In May he apparently helped find a woman, Nikola, who had hung herself - although I can find no details of this case in the news.
I also found an Italian news article where Michael claimed to have solved many other murders, including those of Yam Levy, Iushra Gazi, Larissa Biber and Gloria Albrecht. In the article Michael talks about how his predictions aren’t infallible - so he can’t win the lottery - but he can tell if a person is dead or alive from a photo, and his clairvoyance and clairaudience (seeing and hearing from the dead) allow him to figure out where a body is from just a name, home town and details of their last sighting.
Michael’s website seems to be where the media have taken most of these claims from.
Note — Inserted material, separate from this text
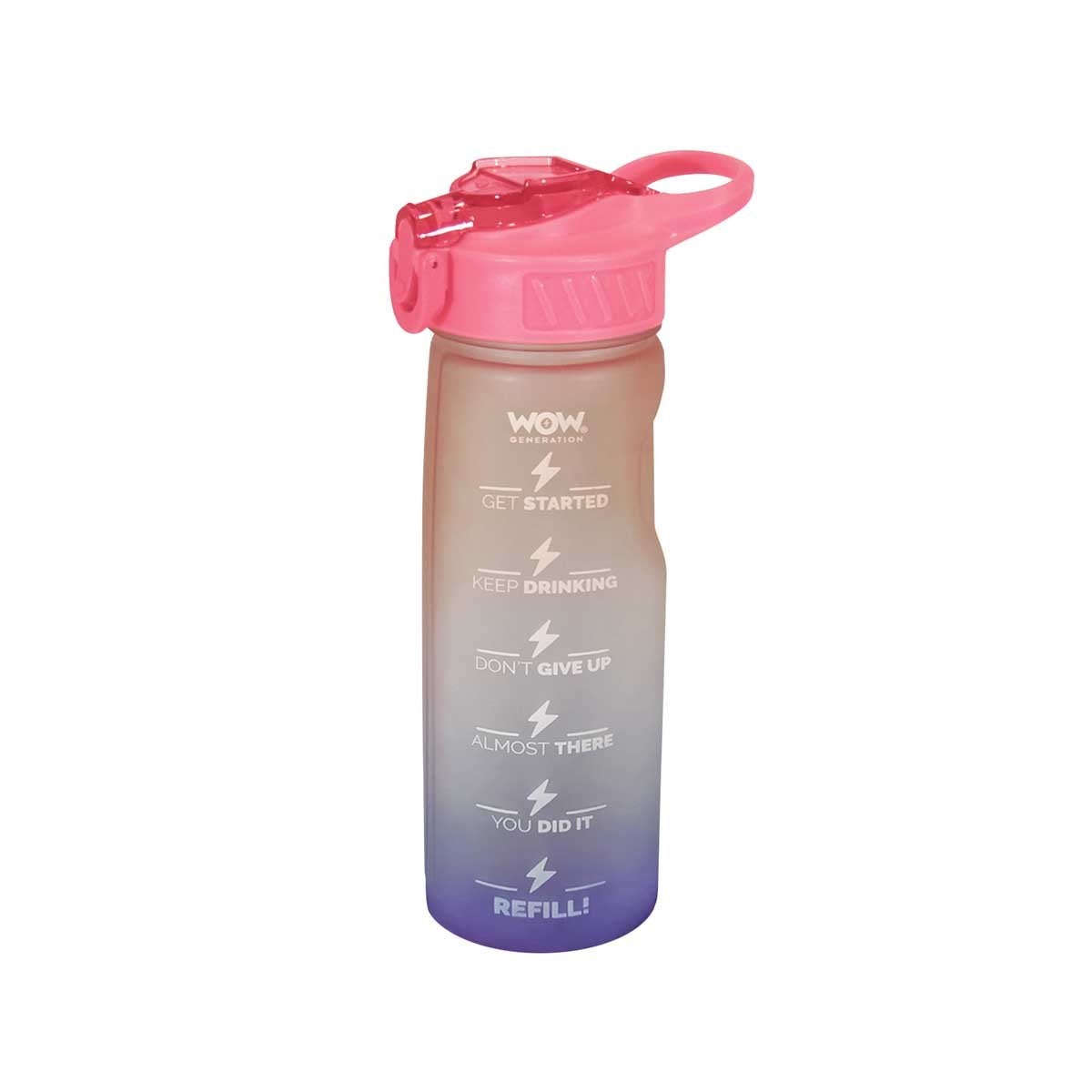 WOW Generation, Motivationsflaska 500 Ml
He has a page where he details his supposed successful cases, as well as a page where he’s found missing animals - Ella the dog, Cleo the cat, etc. His human predictions, even in his own words, are often quite vague. For one missing couple the location he gave was “Spain”. For a missing man, apparently the body was “in the water”. Another was “in a forest, but not in water”.
He includes many of his “inspirations” (as he calls them) in his success list even though he says that he didn’t tell anyone before the police solved the cases - we just have to trust him that he knew their whereabouts. For the claims where he did supposedly tell authorities, he offers no evidence that he actually told anyone - not even a copy of the emails he supposedly sent for many of them. We just have to trust him.
Of course, he doesn’t mention any of the cases where he’s been wrong - although I’ve read comments elsewhere on the internet that describe Michael as a pest who inundates police with his psychic predictions, and he himself admits that he sends multiple predictions to the police for each case he focuses on. Even a stopped clock is right twice a day - if you flood the police with enough educated guesses for enough cases, some of them will be close enough to call them a hit. And Michael’s background as a crime reporter likely helps him to ensure these guesses are fairly well educated.
Elsewhere on his website Michael claims that God has given him this gift. He also states that, although in Germany a lot of people look down on his “ability”, the “fact” that Russian and US military and secret services use psychics proves that they’re real. Of course, he offers no evidence to back up this claim. The reality is that the US ran a project called Stargate to investigate the usefulness of psychic powers like remote viewing (because they thought the Russians were doing it), but closed it down when they realised they had absolutely no reliable evidence that anyone they tested had psychic abilities.
In response to Michael’s recent claim to know exactly where Madeleine’s body is, the German federal police (BKA) replied with a non-committal “Your information will be appropriately incorporated into our work”, to which I’m hoping that the “appropriately” they are talking about is “not at all”. The police also told the media that the woods he indicated have already been searched, and dismissed Michael’s information as nothing more than “wild claims”.
Several years ago I sent an OIA request to NZ Police after hearing TV psychic Sue Nicholson claim at one of our conferences that she had helped police with murder cases in the past. The police told me that they have not paid for psychic services, they do not consider psychic information to be credible, and no psychic information has ever helped in solving a crime in New Zealand.